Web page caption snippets
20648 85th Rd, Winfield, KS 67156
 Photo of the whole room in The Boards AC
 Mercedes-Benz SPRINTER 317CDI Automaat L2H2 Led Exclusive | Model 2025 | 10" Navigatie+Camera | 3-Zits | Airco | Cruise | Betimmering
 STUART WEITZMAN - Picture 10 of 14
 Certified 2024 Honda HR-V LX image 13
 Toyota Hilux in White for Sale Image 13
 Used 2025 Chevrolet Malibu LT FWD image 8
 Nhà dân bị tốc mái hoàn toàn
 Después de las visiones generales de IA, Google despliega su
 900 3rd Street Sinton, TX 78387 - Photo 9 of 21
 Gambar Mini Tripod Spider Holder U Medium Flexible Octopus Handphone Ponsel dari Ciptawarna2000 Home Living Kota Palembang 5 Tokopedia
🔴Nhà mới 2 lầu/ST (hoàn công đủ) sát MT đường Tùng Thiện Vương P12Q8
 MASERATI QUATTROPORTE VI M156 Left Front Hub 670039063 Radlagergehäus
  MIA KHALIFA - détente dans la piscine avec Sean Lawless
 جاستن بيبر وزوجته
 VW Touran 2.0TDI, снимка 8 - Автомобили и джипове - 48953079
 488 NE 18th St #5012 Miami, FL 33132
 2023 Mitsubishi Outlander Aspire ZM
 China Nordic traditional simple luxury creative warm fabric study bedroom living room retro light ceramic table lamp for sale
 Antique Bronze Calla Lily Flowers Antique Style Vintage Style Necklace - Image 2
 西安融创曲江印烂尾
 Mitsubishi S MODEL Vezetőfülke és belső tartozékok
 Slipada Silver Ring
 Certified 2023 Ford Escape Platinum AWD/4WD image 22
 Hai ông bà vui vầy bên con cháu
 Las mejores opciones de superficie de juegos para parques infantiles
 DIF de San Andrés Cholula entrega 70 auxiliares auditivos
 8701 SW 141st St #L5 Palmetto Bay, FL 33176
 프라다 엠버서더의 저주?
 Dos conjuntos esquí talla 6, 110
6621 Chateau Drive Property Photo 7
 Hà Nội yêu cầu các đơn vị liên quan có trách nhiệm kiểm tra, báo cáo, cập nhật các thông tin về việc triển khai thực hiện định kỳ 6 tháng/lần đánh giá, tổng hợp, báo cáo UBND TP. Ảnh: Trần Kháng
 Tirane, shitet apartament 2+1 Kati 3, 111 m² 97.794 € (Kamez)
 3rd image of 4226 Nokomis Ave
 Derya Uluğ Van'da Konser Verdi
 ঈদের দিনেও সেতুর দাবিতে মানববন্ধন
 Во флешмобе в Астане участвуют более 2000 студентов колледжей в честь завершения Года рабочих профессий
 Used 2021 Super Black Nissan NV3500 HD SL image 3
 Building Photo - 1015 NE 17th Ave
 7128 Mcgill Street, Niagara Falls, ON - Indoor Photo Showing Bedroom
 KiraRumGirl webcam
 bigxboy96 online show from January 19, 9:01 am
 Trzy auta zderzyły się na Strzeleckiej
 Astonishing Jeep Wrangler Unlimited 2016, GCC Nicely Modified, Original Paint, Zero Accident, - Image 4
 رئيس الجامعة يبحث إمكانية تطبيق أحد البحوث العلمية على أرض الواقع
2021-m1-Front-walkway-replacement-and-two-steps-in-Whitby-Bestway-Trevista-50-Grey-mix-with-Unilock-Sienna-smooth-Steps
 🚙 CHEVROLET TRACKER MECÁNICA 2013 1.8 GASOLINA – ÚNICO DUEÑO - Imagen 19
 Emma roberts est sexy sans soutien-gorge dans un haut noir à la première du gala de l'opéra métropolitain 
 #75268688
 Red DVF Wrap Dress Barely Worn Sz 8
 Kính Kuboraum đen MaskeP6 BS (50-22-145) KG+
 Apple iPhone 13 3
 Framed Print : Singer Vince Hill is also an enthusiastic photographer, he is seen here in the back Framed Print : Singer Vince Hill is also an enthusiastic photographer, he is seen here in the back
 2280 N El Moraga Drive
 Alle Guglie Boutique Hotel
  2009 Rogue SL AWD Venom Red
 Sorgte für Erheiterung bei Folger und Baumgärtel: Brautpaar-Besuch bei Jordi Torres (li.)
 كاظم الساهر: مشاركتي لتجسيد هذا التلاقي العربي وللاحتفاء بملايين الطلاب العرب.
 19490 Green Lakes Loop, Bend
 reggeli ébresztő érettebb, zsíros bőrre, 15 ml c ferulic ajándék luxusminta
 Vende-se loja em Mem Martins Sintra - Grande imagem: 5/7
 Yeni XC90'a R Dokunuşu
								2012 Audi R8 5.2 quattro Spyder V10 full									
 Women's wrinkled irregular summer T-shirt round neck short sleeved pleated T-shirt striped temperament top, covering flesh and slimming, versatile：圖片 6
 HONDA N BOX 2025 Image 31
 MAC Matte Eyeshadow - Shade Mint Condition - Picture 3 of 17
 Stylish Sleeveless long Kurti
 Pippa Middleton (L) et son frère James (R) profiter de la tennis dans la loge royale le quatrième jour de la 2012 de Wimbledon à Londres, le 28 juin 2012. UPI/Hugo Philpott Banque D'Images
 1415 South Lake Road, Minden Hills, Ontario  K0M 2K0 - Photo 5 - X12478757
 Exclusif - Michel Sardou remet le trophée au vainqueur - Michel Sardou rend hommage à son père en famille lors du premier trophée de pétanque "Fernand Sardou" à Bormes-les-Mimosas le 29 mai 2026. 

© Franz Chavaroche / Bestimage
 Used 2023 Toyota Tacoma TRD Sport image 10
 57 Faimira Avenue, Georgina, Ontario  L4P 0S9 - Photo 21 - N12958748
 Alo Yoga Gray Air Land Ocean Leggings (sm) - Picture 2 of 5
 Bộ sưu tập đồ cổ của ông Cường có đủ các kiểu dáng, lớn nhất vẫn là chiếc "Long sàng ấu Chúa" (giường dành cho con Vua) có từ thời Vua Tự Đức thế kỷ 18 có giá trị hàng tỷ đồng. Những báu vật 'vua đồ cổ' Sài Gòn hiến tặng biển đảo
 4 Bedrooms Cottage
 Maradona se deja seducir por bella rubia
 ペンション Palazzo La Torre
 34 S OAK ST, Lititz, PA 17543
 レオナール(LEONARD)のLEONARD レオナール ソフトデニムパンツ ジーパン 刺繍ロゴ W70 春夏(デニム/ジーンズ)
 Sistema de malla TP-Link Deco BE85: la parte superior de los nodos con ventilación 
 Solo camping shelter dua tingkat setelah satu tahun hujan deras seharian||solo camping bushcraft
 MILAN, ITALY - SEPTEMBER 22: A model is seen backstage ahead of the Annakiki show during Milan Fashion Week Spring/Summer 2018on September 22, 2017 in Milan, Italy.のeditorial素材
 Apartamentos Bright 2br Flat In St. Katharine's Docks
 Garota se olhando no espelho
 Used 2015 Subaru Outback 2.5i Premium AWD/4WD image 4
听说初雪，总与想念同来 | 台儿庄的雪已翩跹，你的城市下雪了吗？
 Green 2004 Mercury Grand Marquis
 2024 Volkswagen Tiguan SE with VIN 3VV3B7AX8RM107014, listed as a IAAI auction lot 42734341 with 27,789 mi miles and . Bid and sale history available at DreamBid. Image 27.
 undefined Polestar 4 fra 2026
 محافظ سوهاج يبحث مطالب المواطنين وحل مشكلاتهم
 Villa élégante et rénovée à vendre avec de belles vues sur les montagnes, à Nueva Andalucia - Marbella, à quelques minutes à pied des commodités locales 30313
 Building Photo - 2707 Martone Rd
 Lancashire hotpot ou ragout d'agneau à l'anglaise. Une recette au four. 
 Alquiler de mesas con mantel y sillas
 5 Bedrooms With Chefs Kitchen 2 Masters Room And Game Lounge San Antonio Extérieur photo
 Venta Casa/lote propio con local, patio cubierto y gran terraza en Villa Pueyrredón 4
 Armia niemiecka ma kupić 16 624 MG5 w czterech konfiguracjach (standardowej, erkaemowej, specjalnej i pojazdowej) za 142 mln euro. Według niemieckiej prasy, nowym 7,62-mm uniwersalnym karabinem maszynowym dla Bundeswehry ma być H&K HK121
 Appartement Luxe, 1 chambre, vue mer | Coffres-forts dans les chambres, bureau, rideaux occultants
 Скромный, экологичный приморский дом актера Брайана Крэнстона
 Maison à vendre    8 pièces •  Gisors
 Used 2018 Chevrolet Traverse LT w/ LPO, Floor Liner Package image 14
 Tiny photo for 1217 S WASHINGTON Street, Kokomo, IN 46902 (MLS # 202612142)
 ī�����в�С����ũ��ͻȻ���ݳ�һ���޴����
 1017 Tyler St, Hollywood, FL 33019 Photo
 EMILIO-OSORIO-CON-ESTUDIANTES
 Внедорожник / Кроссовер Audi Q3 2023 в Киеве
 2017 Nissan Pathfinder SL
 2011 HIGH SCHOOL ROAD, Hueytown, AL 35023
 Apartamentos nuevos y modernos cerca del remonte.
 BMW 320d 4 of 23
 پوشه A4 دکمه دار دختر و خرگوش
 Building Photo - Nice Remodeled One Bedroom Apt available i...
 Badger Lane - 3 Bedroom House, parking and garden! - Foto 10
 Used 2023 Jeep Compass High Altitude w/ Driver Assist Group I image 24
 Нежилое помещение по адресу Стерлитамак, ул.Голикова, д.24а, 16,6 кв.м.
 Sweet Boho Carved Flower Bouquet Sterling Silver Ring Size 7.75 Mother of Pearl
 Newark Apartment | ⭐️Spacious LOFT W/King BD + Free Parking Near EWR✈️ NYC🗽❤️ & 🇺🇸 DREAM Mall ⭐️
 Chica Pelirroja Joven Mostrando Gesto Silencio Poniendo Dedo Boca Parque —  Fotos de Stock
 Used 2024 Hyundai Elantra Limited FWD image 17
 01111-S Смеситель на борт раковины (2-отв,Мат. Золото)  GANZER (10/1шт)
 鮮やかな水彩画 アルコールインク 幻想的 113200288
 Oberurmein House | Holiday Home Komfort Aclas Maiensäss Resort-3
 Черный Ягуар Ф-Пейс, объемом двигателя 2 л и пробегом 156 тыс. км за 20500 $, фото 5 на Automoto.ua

- Brief:
Once you reach the line with "Thiện Vương P12Q8" in the data above, copy it and every line after it exactly, up to and including the line with "China Nordic traditional".

- Task output:
🔴Nhà mới 2 lầu/ST (hoàn công đủ) sát MT đường Tùng Thiện Vương P12Q8
 MASERATI QUATTROPORTE VI M156 Left Front Hub 670039063 Radlagergehäus
  MIA KHALIFA - détente dans la piscine avec Sean Lawless
 جاستن بيبر وزوجته
 VW Touran 2.0TDI, снимка 8 - Автомобили и джипове - 48953079
 488 NE 18th St #5012 Miami, FL 33132
 2023 Mitsubishi Outlander Aspire ZM
 China Nordic traditional simple luxury creative warm fabric study bedroom living room retro light ceramic table lamp for sale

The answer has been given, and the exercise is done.